Ce mercredi 3 juillet, Sciences Po certifie la seconde promotion d’Emouna. Qu’est-ce que Emouna ? Une formation unique, née du souhait de plusieurs ministres du culte, - prêtre, imam, rabbin… -, de favoriser le dialogue entre religions, tout en s’interrogeant sur leurs places respectives au sein de la culture française. Deux années à peine après sa création, Emouna compte déjà une soixantaine de certifiés. Pauline Bebe, membre cofondateur* du programme, revient sur les moments forts de cette formation.

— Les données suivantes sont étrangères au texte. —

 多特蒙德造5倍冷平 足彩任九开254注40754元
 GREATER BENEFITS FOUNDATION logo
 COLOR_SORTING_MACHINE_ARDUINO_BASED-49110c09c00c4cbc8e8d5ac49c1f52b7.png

C’est sous le toit en chaume de la Grande Pagode du Bois de Vincennes que la dernière journée de cours de la formation Emouna - l’Amphi des Religions s’est déroulée. Après avoir longé le lac du Bois de Vincennes, et foulé les petits chemins bordés d’herbes folles, ils se sont retrouvés devant ce bâtiment aux inspirations africaines datant de l’exposition universelle de 1931. A côté d’une statue du Bouddha imposante, qui reflétait dans ses dorures la lumière du soleil levant, un groupe improbable écoutait religieusement Frédéric Dieu, conseiller d’État, lui parler des nuances de la loi française concernant les Ministres du Culte. Le culte y était bien défini mais pas le Ministre du Culte. La subtilité des décisions juridiques se déroulait comme une dentelle de finesse, ponctué des sourires du juge passionné par son sujet.

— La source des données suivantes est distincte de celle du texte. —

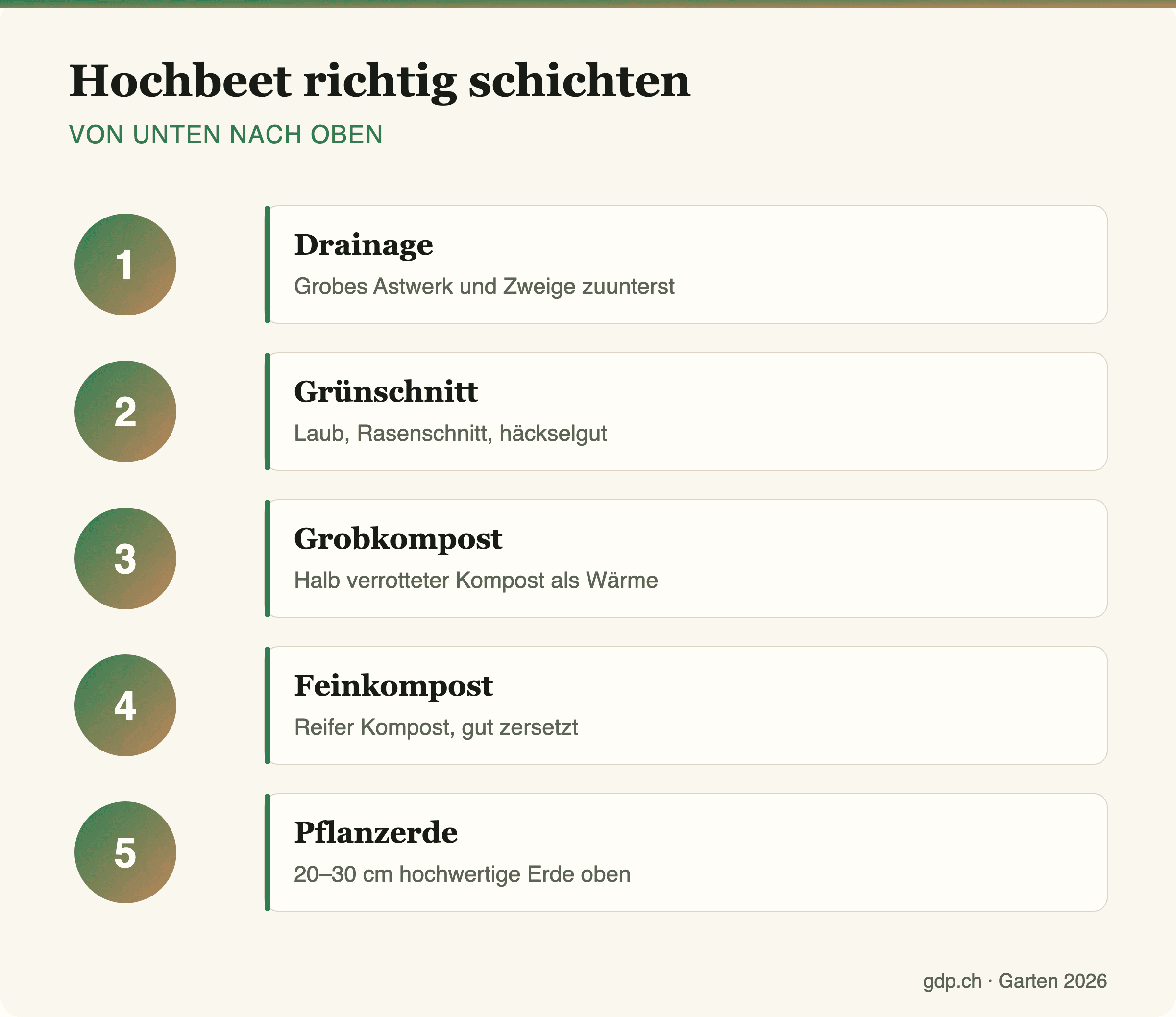 Infografik zur richtigen Schichtung eines Hochbeets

« Religieusement », en réalité pas tant que cela, les questions fusaient de toute part sur les notions qui faisaient le quotidien de l’auditoire : loi 1901, loi 1905, du principe de non-ingérence à l’ordonnance de l’État de respecter la hiérarchie religieuse, de la menace à l’ordre public à l’impossibilité de tenir des réunions politiques dans les lieux cultuels, du secret professionnel et de ses limites exceptionnelles jusqu’au concept d’un « toit juridiquement détachable ». Humour, loi et religion font bon ménage !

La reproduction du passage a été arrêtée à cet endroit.